Intro

The cache system is an elegant and essential part of computers, and it is so imperceptible that people seldom pay attention to it. I will implement a universal structure for a sound cache system in this post.

Types of cache

Usually, based on how it maps data, there are three types of cache systems.

  • directly-mapped cache
  • fully-associated cache
  • set-associated cache

In brief, a directly-mapped cache always maps data into a certain block based on its address, which is extremely simple and fast. And a fully-associated cache maps to an arbitrary usable block, which lowers the possibility of conflicts. As a result, a directly-mapped cache has to replace blocks frequently since some data may scramble for the same block. On the other hand, a fully-associated cache should pay a great overhead for comparing all blocks whenever there is random access. Therefore, as the combination of the two aforementioned types, there is the set-associated cache. The cost of comparison is decreased by packing several blocks into a set and making it a FA cache. Moreover, the accessing efficiency is maintained by introducing more sets. Since this is not a post for the basics of cache systems, we will skip the detailed mechanism of each cache system.

Preparation

To implement those three types efficiently, defining one class and emulating all, we should focus on their common features. The conclusion is that a DM cache is an n-set 1-block SA cache and a FA cache is a 1-set m-block SA cache. Hence, rather than considering SA cache as the combination of DM cache and FA cache, it would be better to treat DM cache and FA cache as the special corner cases of SA cache. Furthermore, the main memory is necessary for the cache system. But implementing the main memory class will be predictably tedious work as well. Therefore, instead of implementing a special main memory, let’s just regard it as a 1-set 1-block cache in which the only block is valid at the time of initialization. Then with a clever way of identifying cache and memory, every part of our implementation can share the same interfaces.

Workflow

In this section, we are stepping closer to the actual implementation. Different from reading data, consistency should be carefully taken care of when writing. Since there are some modified values, the exact timing of reflecting it to the lower layer is crucial, and there are mainly two methods of reflecting modified data.
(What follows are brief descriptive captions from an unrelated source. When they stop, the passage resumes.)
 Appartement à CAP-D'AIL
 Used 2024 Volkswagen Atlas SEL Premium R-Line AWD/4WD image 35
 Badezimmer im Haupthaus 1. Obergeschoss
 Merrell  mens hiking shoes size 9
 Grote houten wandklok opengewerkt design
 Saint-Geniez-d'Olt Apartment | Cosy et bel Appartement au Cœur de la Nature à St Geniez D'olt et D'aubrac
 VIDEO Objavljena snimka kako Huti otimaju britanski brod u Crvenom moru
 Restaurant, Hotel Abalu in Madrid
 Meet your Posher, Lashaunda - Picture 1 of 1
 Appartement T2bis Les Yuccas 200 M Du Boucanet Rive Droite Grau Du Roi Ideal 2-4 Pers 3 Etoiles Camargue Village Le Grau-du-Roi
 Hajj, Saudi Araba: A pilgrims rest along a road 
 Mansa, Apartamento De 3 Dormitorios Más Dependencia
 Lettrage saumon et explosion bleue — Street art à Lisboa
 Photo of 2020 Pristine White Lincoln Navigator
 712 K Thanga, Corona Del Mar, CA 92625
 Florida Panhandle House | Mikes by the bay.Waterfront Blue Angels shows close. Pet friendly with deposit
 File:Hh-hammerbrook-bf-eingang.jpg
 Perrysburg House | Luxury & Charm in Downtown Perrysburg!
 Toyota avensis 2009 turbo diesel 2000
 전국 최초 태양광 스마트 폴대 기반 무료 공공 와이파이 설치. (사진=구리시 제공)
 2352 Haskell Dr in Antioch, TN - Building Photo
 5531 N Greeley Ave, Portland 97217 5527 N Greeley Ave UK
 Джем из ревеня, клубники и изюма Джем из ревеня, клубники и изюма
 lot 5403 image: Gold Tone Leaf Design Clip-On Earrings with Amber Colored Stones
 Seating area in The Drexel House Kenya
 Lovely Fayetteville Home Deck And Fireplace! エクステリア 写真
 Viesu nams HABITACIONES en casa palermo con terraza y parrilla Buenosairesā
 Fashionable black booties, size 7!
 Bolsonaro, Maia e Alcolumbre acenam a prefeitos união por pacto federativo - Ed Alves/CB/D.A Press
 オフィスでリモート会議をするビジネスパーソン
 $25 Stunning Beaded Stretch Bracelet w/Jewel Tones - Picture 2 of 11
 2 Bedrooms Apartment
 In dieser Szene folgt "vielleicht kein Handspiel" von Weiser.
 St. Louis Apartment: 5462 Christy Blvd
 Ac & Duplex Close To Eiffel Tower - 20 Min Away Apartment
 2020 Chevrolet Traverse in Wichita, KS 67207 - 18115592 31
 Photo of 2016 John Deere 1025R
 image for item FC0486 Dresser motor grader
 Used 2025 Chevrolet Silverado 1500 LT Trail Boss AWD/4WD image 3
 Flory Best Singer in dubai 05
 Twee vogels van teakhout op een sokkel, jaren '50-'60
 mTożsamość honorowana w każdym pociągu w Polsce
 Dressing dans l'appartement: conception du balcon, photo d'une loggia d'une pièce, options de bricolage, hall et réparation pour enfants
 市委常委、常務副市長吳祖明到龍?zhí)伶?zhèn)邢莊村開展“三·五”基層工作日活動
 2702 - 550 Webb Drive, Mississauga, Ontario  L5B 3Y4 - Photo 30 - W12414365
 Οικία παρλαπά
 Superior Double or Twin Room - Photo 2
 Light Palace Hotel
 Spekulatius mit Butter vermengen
  • write-through: write back immediately when modified
  • write-allocate: write back when the block is about to be replaced

Besides these two, one optional strategy is write-through for the 1st modification and then write-allocate. In my implementation, write-allocate is adopted. As a result, the reading and writing flow could be described as follows, and the implementation is explicit and intuitive.

Cache class

The actual designs are divided into two parts, one for the overall cache system and another for the cache block that stores data. Convincing the upper layer that its next layer has the wanted data, we may universalize the structure with the design pattern of CoR. Once a cache miss happened at the upper layer, just calling data from the lower layer would be fine. Therefore, the upper layer shall never consider how the lower layer provides those data.